Tofu products, specifically fried tofu, are widely used as cooking ingredients and as side accompaniments. While fried tofu can be bland in flavour on their own, its main contribution is texture and especially with tofu puffs, the ability to soak up the flavour of whatever they are cooked in. Fried tofu products are found as a versatile component ingredient for dishes like stir fried noodles, rojak (fruit and vegetable salad), noodle soups, and stews. A popular way of serving fried tofu on its own is a salad with bean sprouts, shredded cucumber and spring onions, covered in a thick sweet and spicy dressing and dusted with roasted ground peanuts. Fried tofu may also be stuffed with a mixture of ground meat or shredded vegetables.

Dried seafood products contribute a savoury depth of flavour to some Malaysian dishes. Small dried anchovies, known as ikan bilis, are very popular. It acquires a very crispy texture when deep-fried, and is served as an accompaniments or prepared as a sambal relish in this capacity. Ikan bilis is also boiled to make fish stock; in fact, instant ikan bilis stock granules are a popular seasoning in modern kitchens. Dried shrimp and salted dried fish are also used in various ways.

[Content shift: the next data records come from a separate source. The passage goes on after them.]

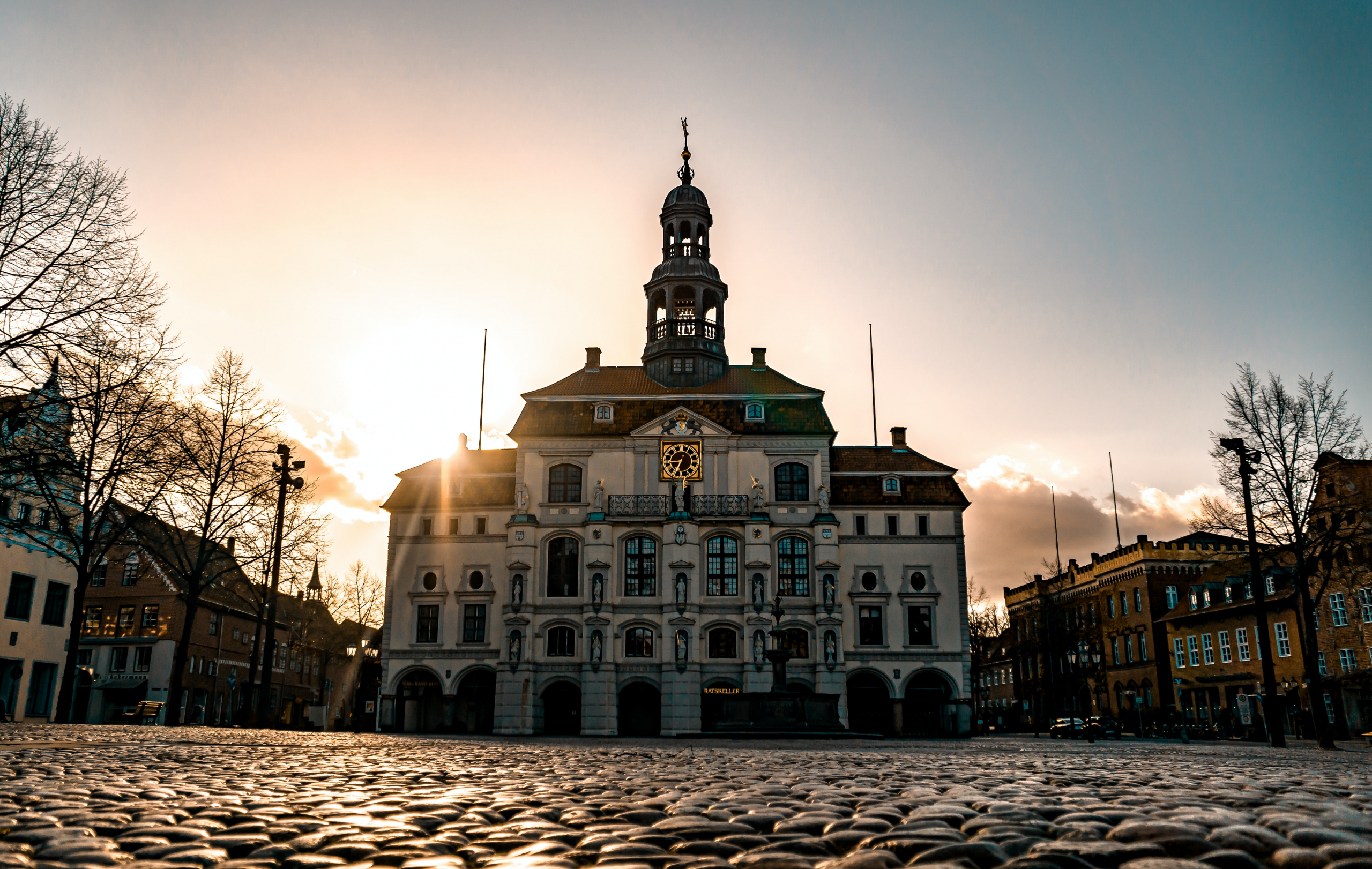 Un grand bâtiment avec une tour d'horloge au milieu d'une ville.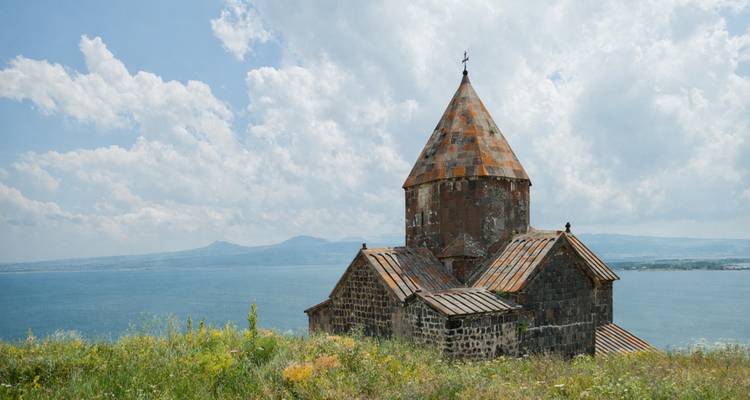 Small stone Sevanavank church perched above the blue waters of Lake Sevan with wildflowers foreground.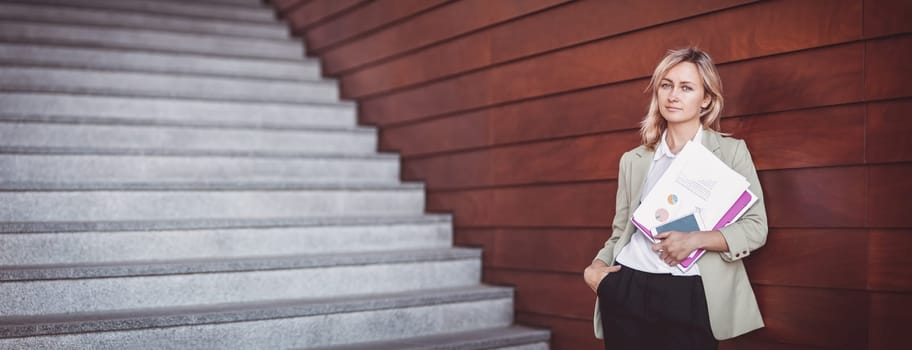 young woman with laptop standing on the stairs. Person with personal computer and documents outdoors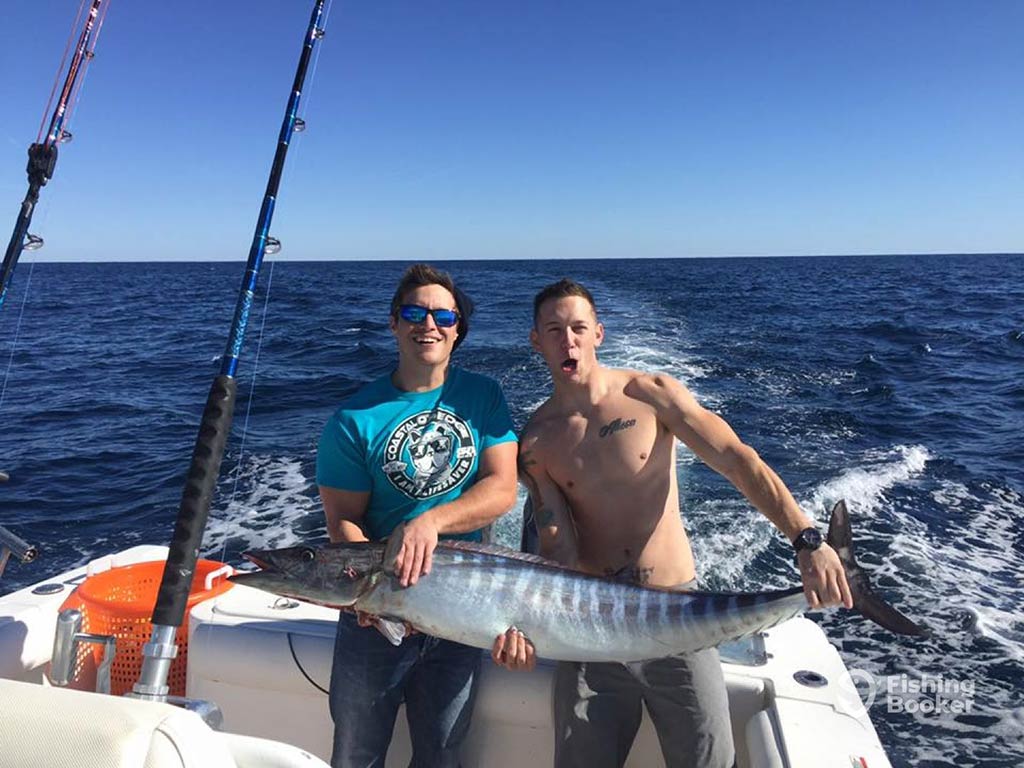 Two anglers, one of them shirtless, sitting on the deck of a boat and holding a large Wahoo offshore from Georgetown, SC, with the wake of the boat behind them on a sunny day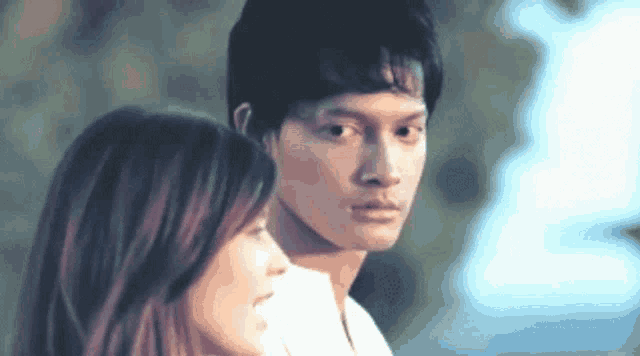 a man and a woman are looking at each other in a close up .
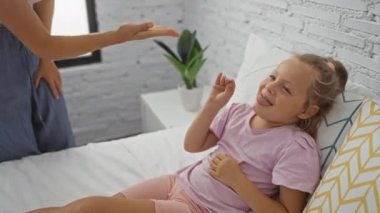 Anne ve kızı yatak odasında birlikte oynuyorlar.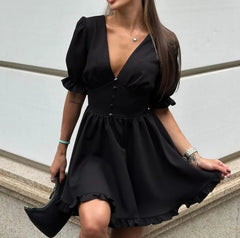 Woman wearing a black dress standing against a light-colored wall.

Other essential seasoning and garnishes include tamarind (Malay: asam jawa), specifically the paste-like pulp extracted from the fruit pod which contributes a tart flavour to many dishes. Candlenuts (Malay: buah keras) are similar in appearance to macadamia nuts, being round, cream coloured and have a high oil content. Candlenuts are normally ground to thicken sauces. Lup cheong is a type of dried Chinese sausage made from pork meat and spices. Mainly used by the Malaysian Chinese community, these sweet sausages are usually sliced very thinly and added for additional flavour and texture. Recent studied have shown that there are 62 commonly consumed Malaysian foods that include biogenic amines.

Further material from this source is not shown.